On en vient à se demander comment un individu aussi médiocre a pu guider la prise du pouvoir en Russie. Même ses qualités sont retournées contre lui, comme sa frugalité ou sa capacité de travail : l’auteur sous-entend qu’à force de ne dormir que trois heures par nuit, Lénine aurait fini par perdre la raison.

Curieusement, à la fin du tome 2 (donc environ 800 pages plus loin), Orlando Figes revient en détail sur la mise en place du culte de la personnalité, et il montre, cette fois, qu’effectivement tout cela se fit contre la volonté de Lénine, qui vécut toujours dans la plus grande simplicité, à la limite de l’austérité et de l’anonymat.
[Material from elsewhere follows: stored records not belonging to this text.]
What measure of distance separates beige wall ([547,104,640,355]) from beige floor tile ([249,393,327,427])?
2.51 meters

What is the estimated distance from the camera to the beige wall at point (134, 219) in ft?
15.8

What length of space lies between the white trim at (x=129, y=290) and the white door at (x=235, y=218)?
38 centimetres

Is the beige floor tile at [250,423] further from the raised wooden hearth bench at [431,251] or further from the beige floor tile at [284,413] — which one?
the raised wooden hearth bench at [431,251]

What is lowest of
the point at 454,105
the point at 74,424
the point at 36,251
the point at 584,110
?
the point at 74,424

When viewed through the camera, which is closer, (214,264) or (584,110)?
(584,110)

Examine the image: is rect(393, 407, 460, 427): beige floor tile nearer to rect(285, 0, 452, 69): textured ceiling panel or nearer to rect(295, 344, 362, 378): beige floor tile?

Son livre est truffé de contradictions internes de cet acabit.
En voici deux exemples parmi d’autres : dans le chapitre sur la Première Guerre mondiale, l’auteur montre que « la tare accablante du régime [tsariste] fut sa totale incapacité à mobiliser le patriotisme de ses paysans soldats, qui pour la plupart ne se sentaient guère d’obligation de combattre pour la Russie au-delà de leur région natale […] ». Dans le chapitre sur la Guerre civile, inversement, on apprend que les Bolcheviques l’ont emporté, entre autre, car ils ont bien su exploiter le nationalisme naturel des masses paysannes contre les armées blanches soutenues par les puissances étrangères.
A un autre moment, l’auteur écrit (p. 883) que « l’influence de Lénine sur le reste du parti était si prégnante qu’il eut gain de cause » et, à la page suivante, que « pour s’opposer de front au grand dictateur […] il fallait un certain courage ». Or, au chapitre suivant, Lénine éprouve les pires difficultés à imposer son idée de paix immédiate avec l’Allemagne. Sa position est longtemps minoritaire et c’est seulement après que ses adversaires au sein du parti aient constaté qu’ils se trompaient qu’ils finissent par se rallier à Lénine à contrecoeur.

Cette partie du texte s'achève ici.